Présentation Éditeur
Lorsque son ami d’enfance Magnus l’invite au cirque, le quotidien d’un homme solitaire et maniaque est sur le point de basculer. Pendant un tour de magie, Magnus disparaît pour ne plus jamais réapparaître. Le narrateur innommé se retrouve alors malgré lui lancé dans une quête absurde mais non sans profondeur où ses propres démons l’attendent au tournant.
Origine | |
Titre | Cirkus (2017) |
Éditions | Actes Sud |
Date | 2 novembre 2022 |
Traduction | Rémi Cassaigne |
Pages | 192 |
ISBN | 9782330171940 |
Prix | 20,00 € |
L'avis de Sophie PEUGNEZ
Où est passé Magnus Gabrielsson ? Son complice de longue date s’inquiète, ils ont assisté à un spectacle au cirque et depuis Magnus est introuvable. Est-ce lié au numéro auquel il a participé ?

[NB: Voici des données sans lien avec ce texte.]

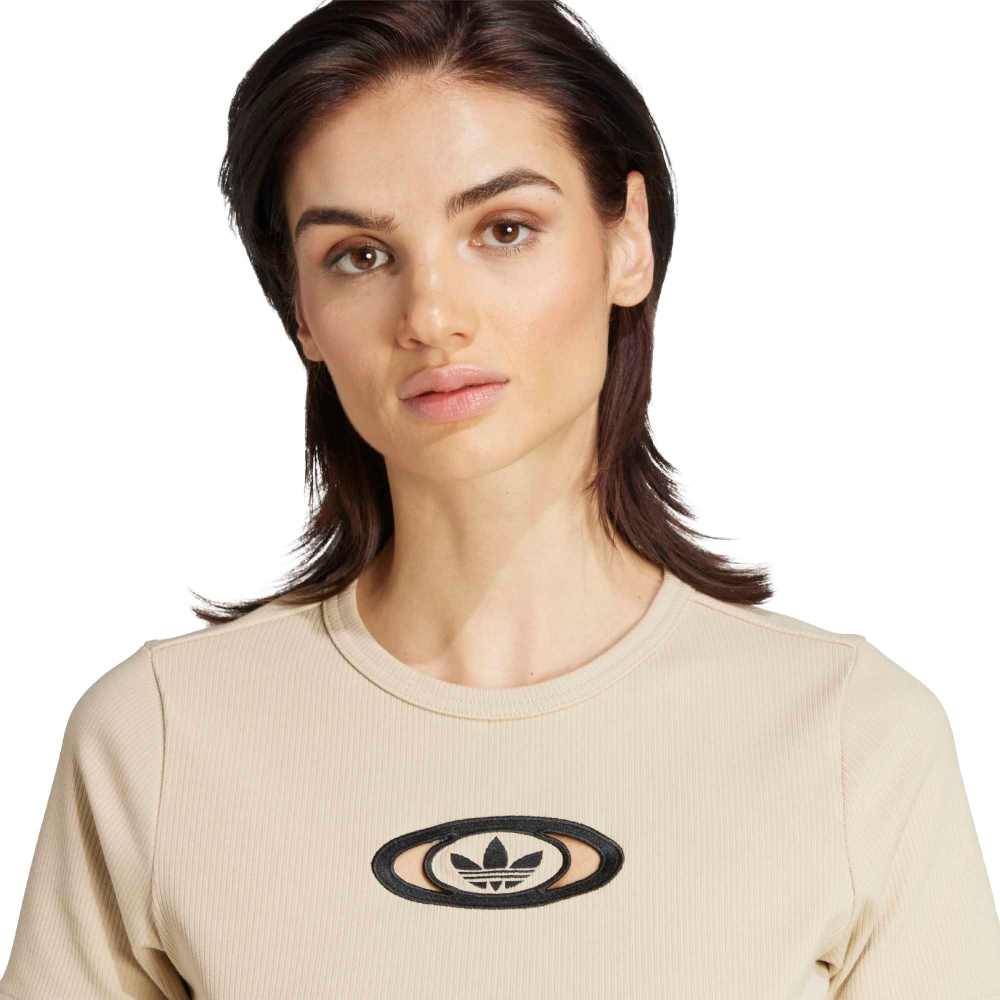 ADIDAS CUT OUT RIB TEE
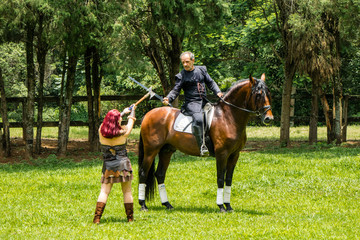 ensaio fotografico  com vestis medirvais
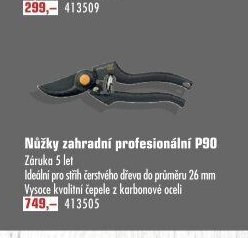 Nůžky zahradní profesionální P90
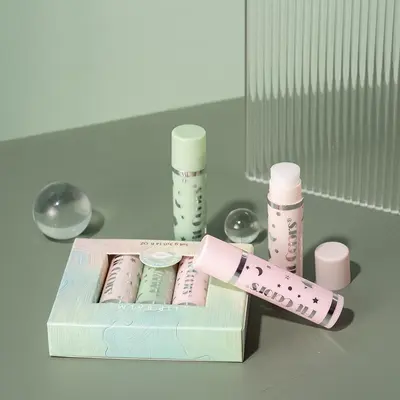 Lip Balm Boxes displayed with the closure detail visible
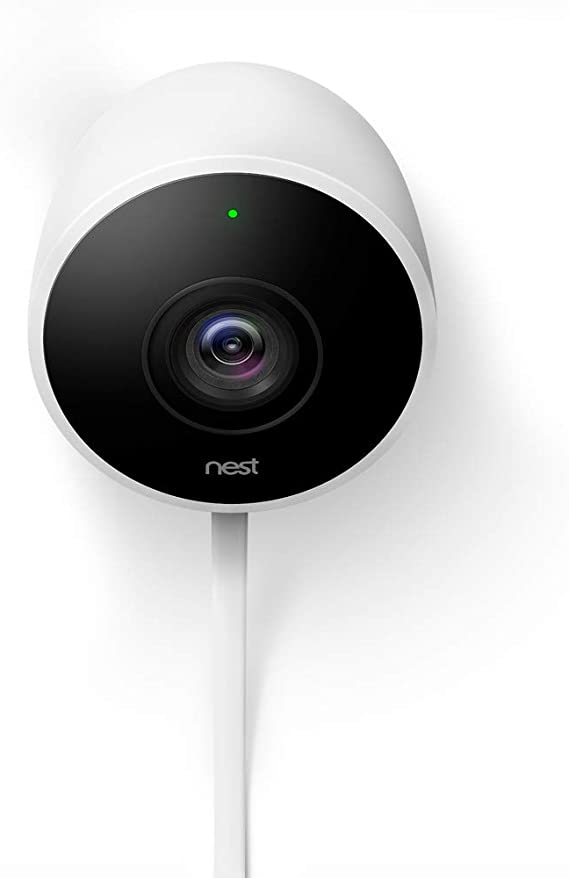 Google Nest Cam - Outdoor Security Camera, Night Vision Surveillance Camera, White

Son vieux copain est en train de classer ses disques (et il ne peut s’empêcher de penser à Magnus). Une passion qui l’habite depuis longtemps et qui a permis de construire leur relation. Même si leurs débuts ont été chaotique : chacun dans une des écoles de la ville avec une rivalité entre les deux (les plus « intelligents » dans l’une, des « péquenots » dans l’autre…). Magnus a tout au long de scolarité était rejeté par les autres à cause de son allure (certains diraient son odeur), souffre douleur idéal. Magnus semble se terrer chez lui, il ne veut pas répondre aux appels sur son téléphone fixe (il n’a pas de portable, un autre de leur point commun), la ligne sonne sans cesse occupée. Est-ce sa silhouette aperçue sous la pluie ? Les rôles se sont-ils inversés ? Magnus a-t-il de nouveaux goûts ? A-t-il tenté de se suicider, de disparaître ?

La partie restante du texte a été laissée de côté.